Thursday, July 13, 2006

Today's stage of the Tour de France just ended, with Menchov beating out Leipheimer and Landis at the finish line. This was the big day, the first mountain stage with five category 1 climbs including the Tourmalet and the Portillon. They finished in Spanish territory at Baqueira Beret, a well-known ski resort in the Pyrenees. It's in the Aran Valley, a small corner of Catalonia where the native language is Aranese, not Catalan. Aranese is a dialect of Occitan, and it's spoken by like a thousand people.

I like the Tour de France. I like endurance sports, since the only sport I was ever good at was distance running. What I actually like most about the Tour is the French countryside, though.

In case you were wondering who all those people dressed in orange waving flags that look like the Union Jack in orange, green and white, they're Basques and that's the regional flag.
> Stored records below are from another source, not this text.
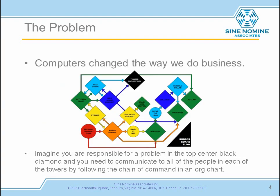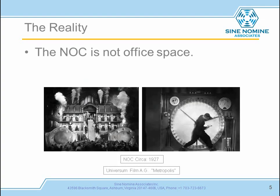The problem is that computers changed the way we do business and accelerated how we can process information. Imagine being in that top center black diamond and trying to work through a process where all of these different things have to be considered — the communication channels across different groups — trying to get to an output. There's a lot happening in today's processes and procedures. The result is often that people are working in a less than optimized space. Today's NOC is not office space; it has to be treated differently and has a lot of different functions that need to be considered on different levels.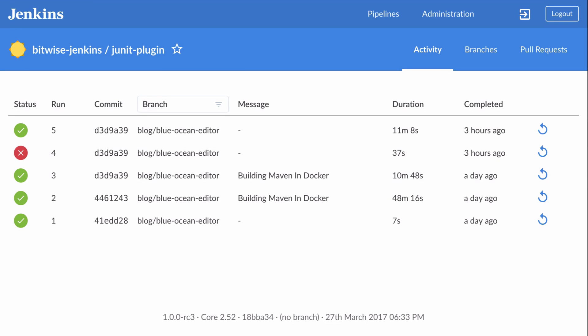Hello everyone and welcome to Blue Ocean. I'm Liam Neumann and this is the second in my series of videos showing you how to use some of the cool features of Blue Ocean. In the previous video, I showed you how easy it is to create declarative pipelines using the new Blue Ocean pipeline editor.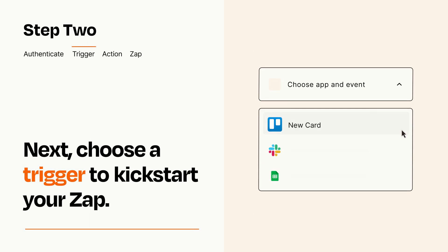Now let's set up your trigger, which is the event that starts your Zap. Pick the trigger event that you want from the list.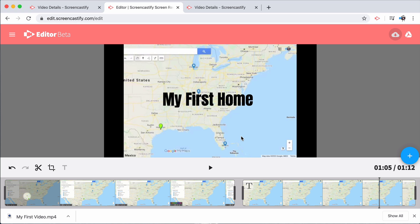That's it. You've completely edited your video. In our last video of this segment, we'll talk about sharing your video with your audience. I'll see you there.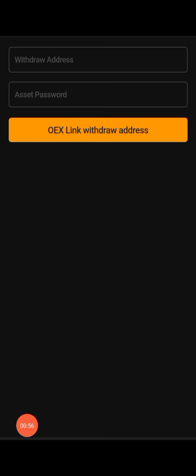For people who were on Satoshi app before, you do not need to create a new asset password. It is only new people who have recently joined the Satoshi app mining app who need to do that.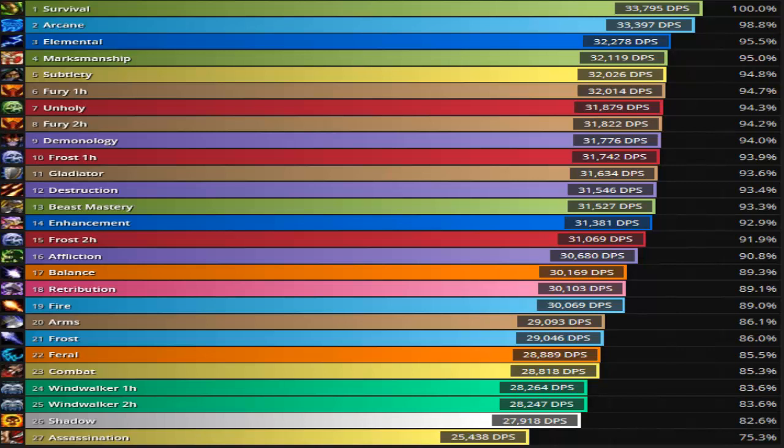Survival Hunters are doing really good. Hunters in general are actually majority on the top. Warriors are doing really good. Mage is right up there.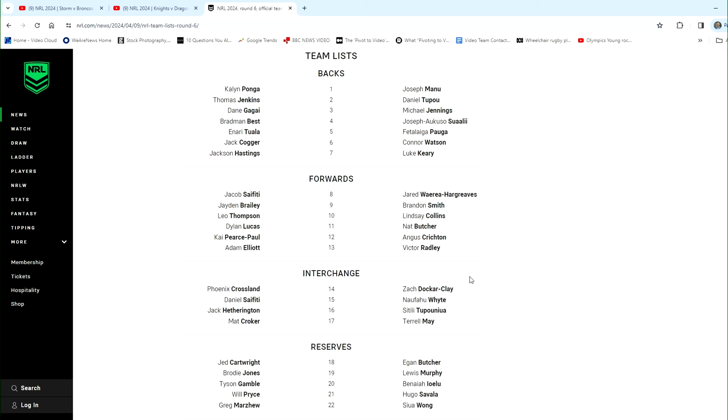Connor Watson is the 5'8". Junior Pauga comes onto the wing for Dominic Young, who's an obvious sell there as well. What else have we got? Crichton. Crichton's still there. Crichton's on the edge, yes. Crichton is still starting. So that probably locks him in as a pretty decent purchase this week. Yeah, I think he's a very good purchase.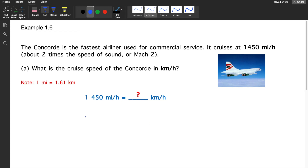Example 1.6: The Concord is the fastest airliner used for commercial service. It cruises at 1450 miles per hour, about two times the speed of sound — about 600 meters per second, or Mach 2. What is the cruise speed of the Concord in kilometers per hour? Take note of the conversion factor.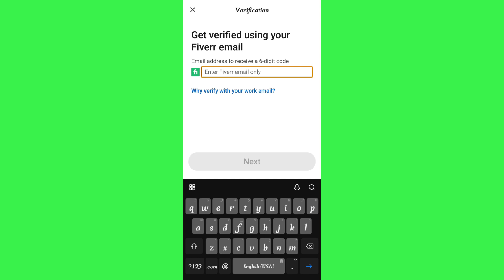It is now asking me to enter my Fiverr email only. After pressing 'Next', I will have to verify that I work at Fiverr and that I use this email on Fiverr.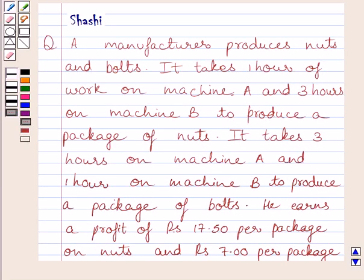Hi and welcome to the session. I am Shashi and I am going to help you with the following question.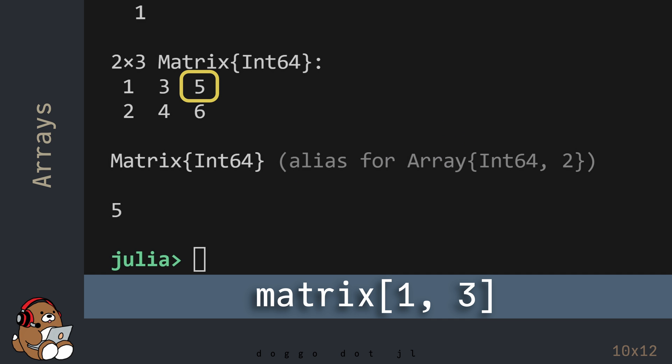So in this example, you're accessing the value at Row 1, Column 3, which has a value of 5.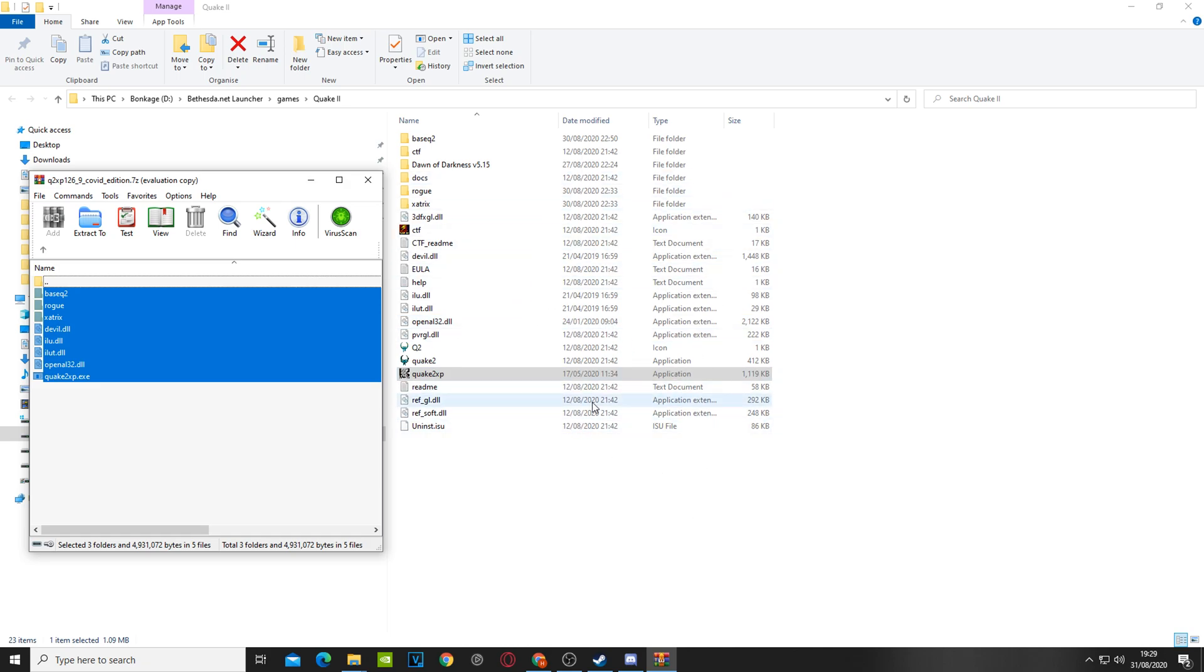Now, you'll be asked if you want to replace some files, say yes please. And what you'll end up is basically with all the contents here, over here.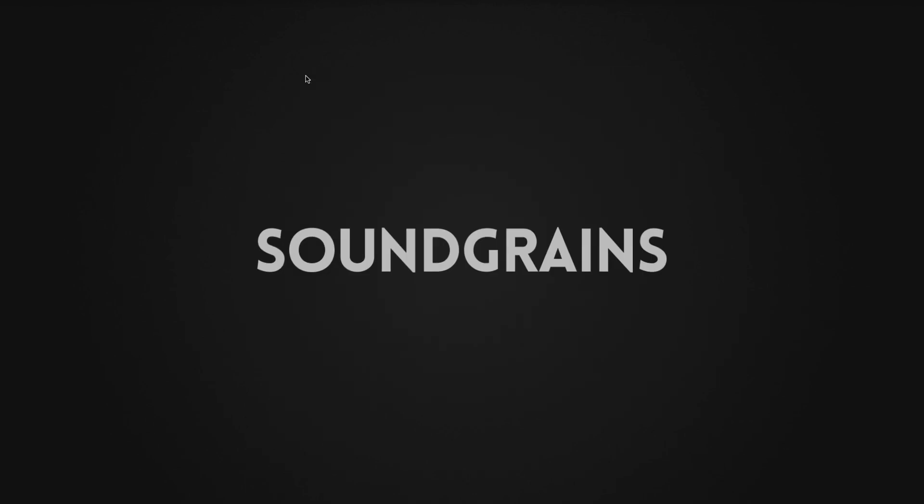You have now set up Logic Pro X to use your audio interface to its maximum potential. Have fun recording and writing music in Logic Pro X.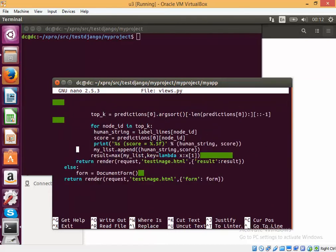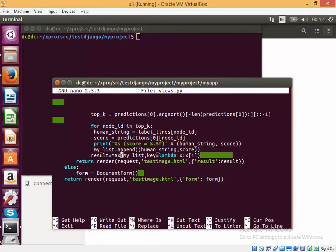After we get the prediction we will save the prediction into a list. And in the list we will do a max. So the max will actually find the probability which is maximum between the two classes or any number of classes that are there. It will find the class which has the highest probability and it will send it back as a result.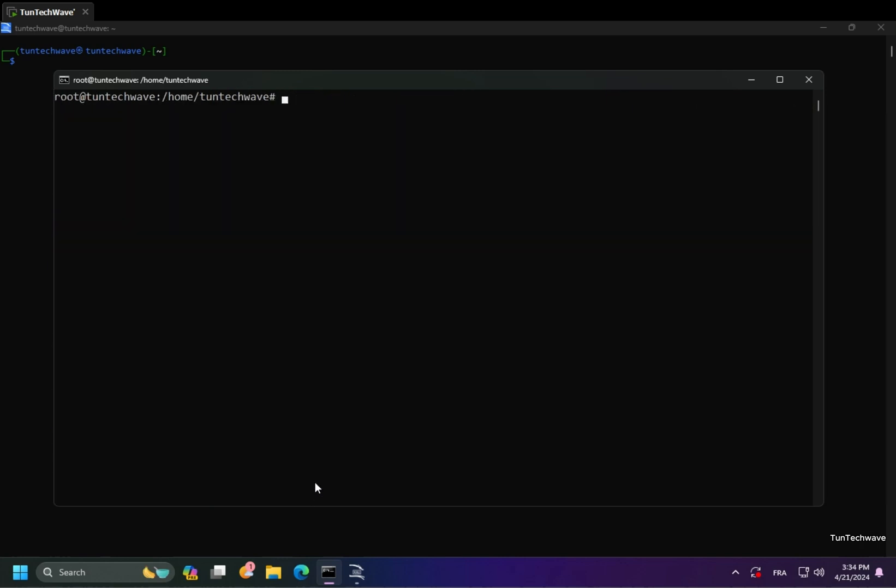Docker is installed correctly. Now, let's verify by running the hello world image.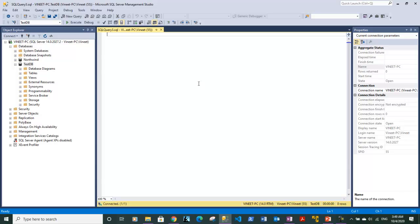I need to alter this database first, so I will type ALTER DATABASE because we are making modifications to the database structure. That is altering the database. I need to type ALTER DATABASE and the name of the database is TestDB.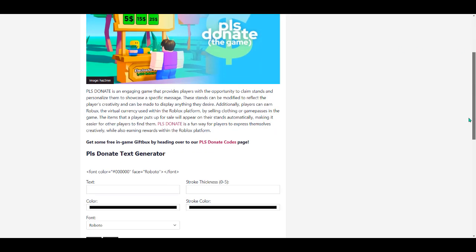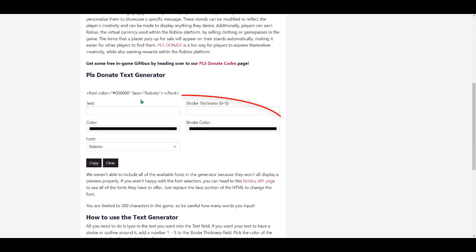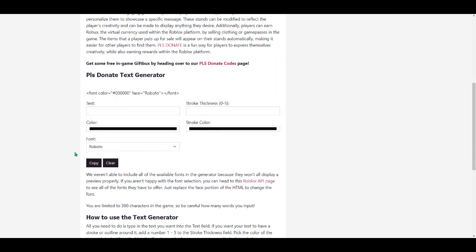Then scroll down and you will see this. This is where you write the text.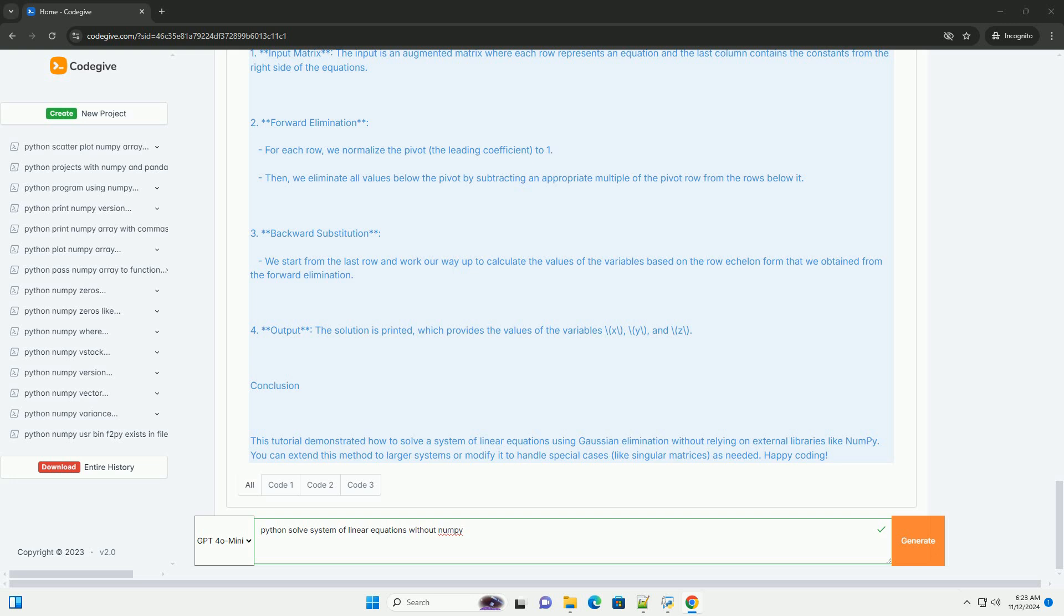Conclusion: This tutorial demonstrated how to solve a system of linear equations using Gaussian elimination without relying on external libraries like NumPy. You can extend this method to larger systems or modify it to handle special cases like singular matrices as needed. Happy coding!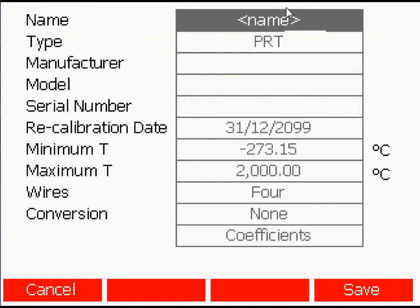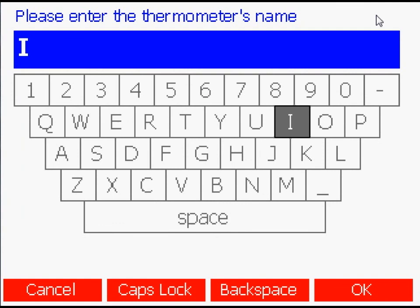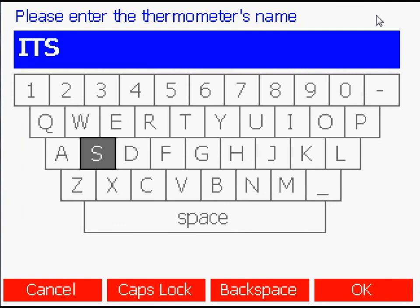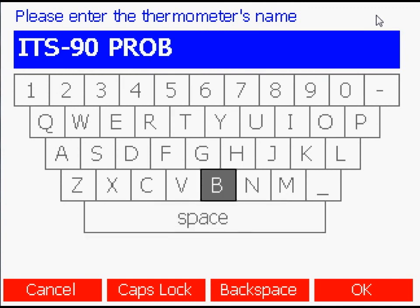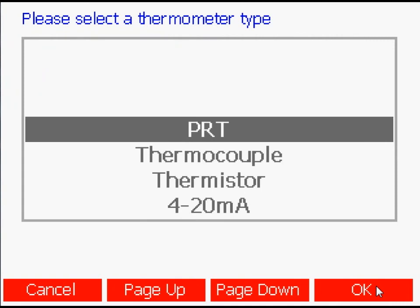Using the up and down arrows, select each section and enter the relevant information for the probe you wish to add. First, the name of the probe, the type of probe you are using, the manufacturer of the probe.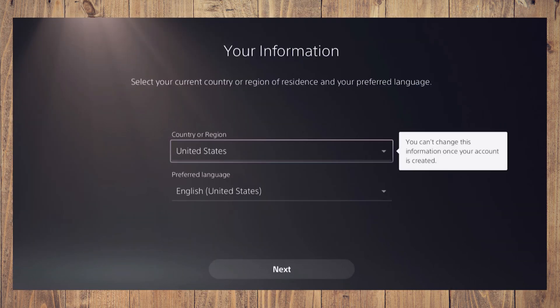Choose create an account. On the next page titled 'Your Information,' choose the country or region you want to swap to. Sony states you cannot change this information once your account is created, so choose carefully.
Fine, great, wonderful, being proud of your land and supporting your homeboy cyclists is totally cool with me. The guys with the flags showing a large black blotch with four arrows pointing to it and the slogan "Euskal Presoak Euskal Herria" are not fine, great, or wonderful, though. They're ETA supporters calling for ETA prisoners to be concentrated in prisons in the Basque Country, which the government won't agree to because if they were all together they'd take the prisons over like the IRA did the Maze.

In the recent past the Basque fans, especially, have been notorious for getting drunk and spewing insults and spit at Lance Armstrong. This year they appear to be much better behaved.

I'm rooting for Juan Antonio Flecha and Levi Leipheimer this year. Flecha is from here in Barcelona, he's a gutsy middle-of-the-pack guy who wins an occasional sprint. He went on a break today with two other guys and stayed in front for at least half the race. Everybody likes him, too, he seems like a real nice guy. Leipheimer is a guy whose career I've followed with some interest; he used to be one of Lance's team and then struck out on his own in 2003, I think, and has done well, finishing in the top ten in the Tour every year since. I particularly like him because in his spare time he works to help homeless and abandoned animals, which is one of my personal causes. Leipheimer was in the front three today, the guys who sprinted it out, along with another guy I like, Floyd Landis.

Landis takes over the yellow jersey for tomorrow. Leiphemer is farther back in the standings, since he had a disastrous time trial that cost him five minutes.